■ **EXERCISE DATA**
-------

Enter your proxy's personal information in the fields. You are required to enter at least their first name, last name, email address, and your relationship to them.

-------

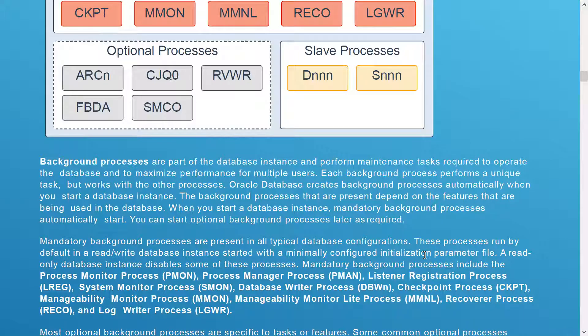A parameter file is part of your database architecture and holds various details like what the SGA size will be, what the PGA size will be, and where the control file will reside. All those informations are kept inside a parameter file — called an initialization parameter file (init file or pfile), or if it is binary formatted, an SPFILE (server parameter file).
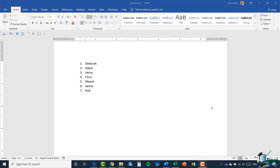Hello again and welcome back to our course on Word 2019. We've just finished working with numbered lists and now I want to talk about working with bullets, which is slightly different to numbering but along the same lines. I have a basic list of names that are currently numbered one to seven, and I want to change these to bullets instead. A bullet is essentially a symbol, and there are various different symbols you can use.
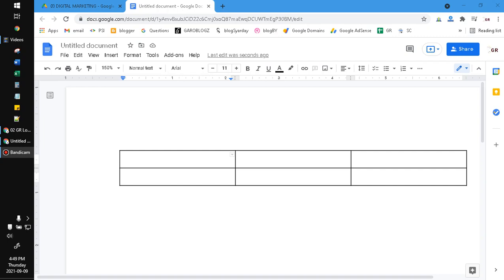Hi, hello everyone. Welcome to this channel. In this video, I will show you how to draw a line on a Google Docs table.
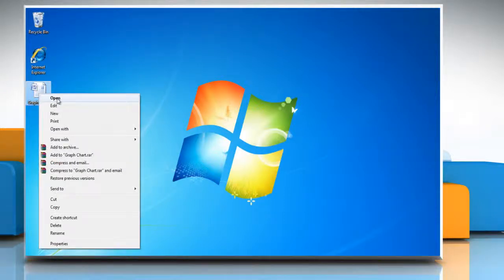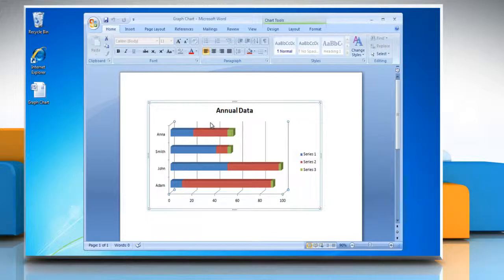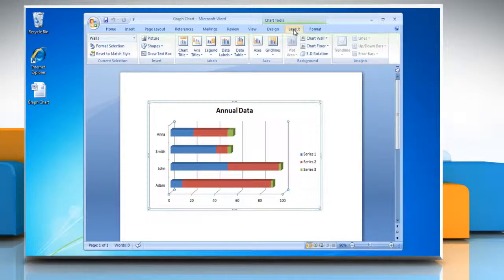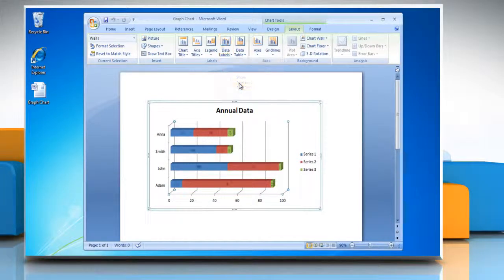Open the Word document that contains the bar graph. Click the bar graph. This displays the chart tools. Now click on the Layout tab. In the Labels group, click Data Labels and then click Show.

-------

■ **REQUIREMENT**
How would the lines above read from the one with "Hi, hello everyone." to the one with "Open the Word", inclusive, with no pictures? Write them out exactly.

■ **EXPECTED OUTPUT**
Hi, hello everyone. Welcome to this channel. In this video, I will show you how to draw a line on a Google Docs table.
Open the Word document that contains the bar graph. Click the bar graph. This displays the chart tools. Now click on the Layout tab. In the Labels group, click Data Labels and then click Show.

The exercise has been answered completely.